Das Beste kommt zum Schluss
Gut, dann dürfen wir uns also auf zwei Extrajahre freuen. Die Wissenschaftler haben dafür keinen wirklichen Grund feststellen können, vermuten aber, dass es daran liegen könnte, dass die Kinder uns im Alter unterstützen. Warum auch immer es so ist, auf jeden Fall kann man zufrieden sein. Etwas mehr Zeit um das Alter zu genießen sind ein Geschenk, das jeder sicher gerne annimmt. Allerdings habe ich berechtigte Zweifel daran, dass die Studie repräsentativ ist. Zwar wurden die Daten von 704 481 Männer und 725 290 Frauen erfasst und die Ergebnisse sind eindeutig, aber die Umstände sind sicherlich nicht vergleichbar mit der heutigen Zeit.
100 Jahre später
Die Gesellschaft hat sich verändert. Statt der klassischen Rollenverteilung mit dem alleinverdienenden Mann und der haushaltsführenden Frau arbeiten heute fast alle Eltern um finanziell über die Runden zu kommen.

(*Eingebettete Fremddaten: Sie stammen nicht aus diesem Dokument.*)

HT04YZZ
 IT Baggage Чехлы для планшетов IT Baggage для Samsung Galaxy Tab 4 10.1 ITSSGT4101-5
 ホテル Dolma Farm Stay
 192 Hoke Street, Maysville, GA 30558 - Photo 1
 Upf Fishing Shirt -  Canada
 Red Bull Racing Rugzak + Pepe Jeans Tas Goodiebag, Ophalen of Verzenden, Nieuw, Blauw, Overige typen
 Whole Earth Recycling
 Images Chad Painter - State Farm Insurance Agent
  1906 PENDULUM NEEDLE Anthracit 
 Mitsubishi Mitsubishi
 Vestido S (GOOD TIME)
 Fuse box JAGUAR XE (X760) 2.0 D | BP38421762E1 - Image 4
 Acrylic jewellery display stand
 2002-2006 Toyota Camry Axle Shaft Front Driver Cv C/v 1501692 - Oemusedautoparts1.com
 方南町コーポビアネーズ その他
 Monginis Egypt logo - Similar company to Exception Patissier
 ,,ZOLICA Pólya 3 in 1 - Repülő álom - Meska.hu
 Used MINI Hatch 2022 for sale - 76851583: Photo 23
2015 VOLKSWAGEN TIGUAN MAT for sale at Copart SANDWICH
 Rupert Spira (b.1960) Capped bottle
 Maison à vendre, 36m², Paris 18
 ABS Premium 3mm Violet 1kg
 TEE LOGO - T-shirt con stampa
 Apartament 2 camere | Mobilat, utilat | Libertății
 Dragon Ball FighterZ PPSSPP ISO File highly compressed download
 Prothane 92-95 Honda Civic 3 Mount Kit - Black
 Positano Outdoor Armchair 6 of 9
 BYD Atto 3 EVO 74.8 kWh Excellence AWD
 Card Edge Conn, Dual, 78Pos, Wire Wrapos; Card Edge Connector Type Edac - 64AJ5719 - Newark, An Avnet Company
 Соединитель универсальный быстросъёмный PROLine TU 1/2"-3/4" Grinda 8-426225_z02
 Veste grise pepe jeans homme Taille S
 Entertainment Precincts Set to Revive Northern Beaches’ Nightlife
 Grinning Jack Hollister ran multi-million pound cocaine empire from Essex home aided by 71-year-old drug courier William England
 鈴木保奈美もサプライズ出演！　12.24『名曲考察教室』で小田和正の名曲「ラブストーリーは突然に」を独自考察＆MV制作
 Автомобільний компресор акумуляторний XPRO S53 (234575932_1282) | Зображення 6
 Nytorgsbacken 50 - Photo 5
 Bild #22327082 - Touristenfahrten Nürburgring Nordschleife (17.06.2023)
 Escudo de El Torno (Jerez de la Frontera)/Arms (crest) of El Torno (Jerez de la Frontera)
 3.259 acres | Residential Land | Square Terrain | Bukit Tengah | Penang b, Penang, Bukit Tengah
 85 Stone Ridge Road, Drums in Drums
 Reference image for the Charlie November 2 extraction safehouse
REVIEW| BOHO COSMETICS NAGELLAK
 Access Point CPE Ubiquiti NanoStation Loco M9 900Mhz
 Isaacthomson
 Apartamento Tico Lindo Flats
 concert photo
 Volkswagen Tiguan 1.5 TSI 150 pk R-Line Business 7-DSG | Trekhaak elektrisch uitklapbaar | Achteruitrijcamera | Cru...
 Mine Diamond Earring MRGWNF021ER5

Der wirtschaftliche Druck ist hoch und Mieten und andere Nebenkosten müssen bezahlt werden. Kinder sind heute eine Belastung, die sich nicht jeder leisten kann, oder will. In der ersten Häfte des 20. Jahrhunderts, in der die in der Studie berücksichtigen Schweden lebten, war die Situation sicherlich ganz anders. Ob sich eine Frau, die 1940 ihre Kinder erzogen hat mit einer Frau vergleichen lässt, die das heute tut, sei dahingestellt. Aber die Zahlen lassen sich nicht wegdiskutieren.
Späte Rendite
Wer viele Jahre seines Lebens in die Kinder investiert, der darf am Ende auf eine kleine Entschädigung hoffen. Altwerden ist nicht immer schön, vor allem, wenn man geliebte Menschen verliert und immer einsamer wird. Kinder können hier auf jeden Fall Abhilfe schaffen. Bis zum Lebensende sind sie für die Eltern da und kommen wenigstens ab und zu mal zu Besuch. Als Großeltern hat man in der heutigen Zeit wieder eine wichtige Rolle. Wenn die Kita Ferien hat, oder während der Schulferien können sich die arbeitenden Eltern nicht immer frei nehmen. Oma und Opa haben meistens Zeit. Dumm nur, wenn Oma mehrere Kinder hat und alle zeitgleich Nachwuchs bekommen. Die Mutter meines Mannes hat insgesamt 14 Enkelkinder. Fast ein Fulltime-Job, solange sie klein sind.
Schulden begleichen
Die Mitarbeit in der Familie war früher Gang und Gebe für die alten Menschen. Heute ist es schwer, sich in das Leben der erwachsenen Kinder einzubringen. Jeder lebt unter Hochdruck und man braucht für fast Alles einen Termin. Eine umständliche Oma, oder ein vergesslicher Opa passt oft nicht in die Lebensplanung.
Wir lernen aus der schwedischen Studie also zwei Dinge. Erstens, dass wir uns im Alter auf unsere Kinder verlassen können und wir wahrscheinlich deswegen länger leben werden, aber auch, dass sich unsere Eltern genau dasselbe von uns verdient haben.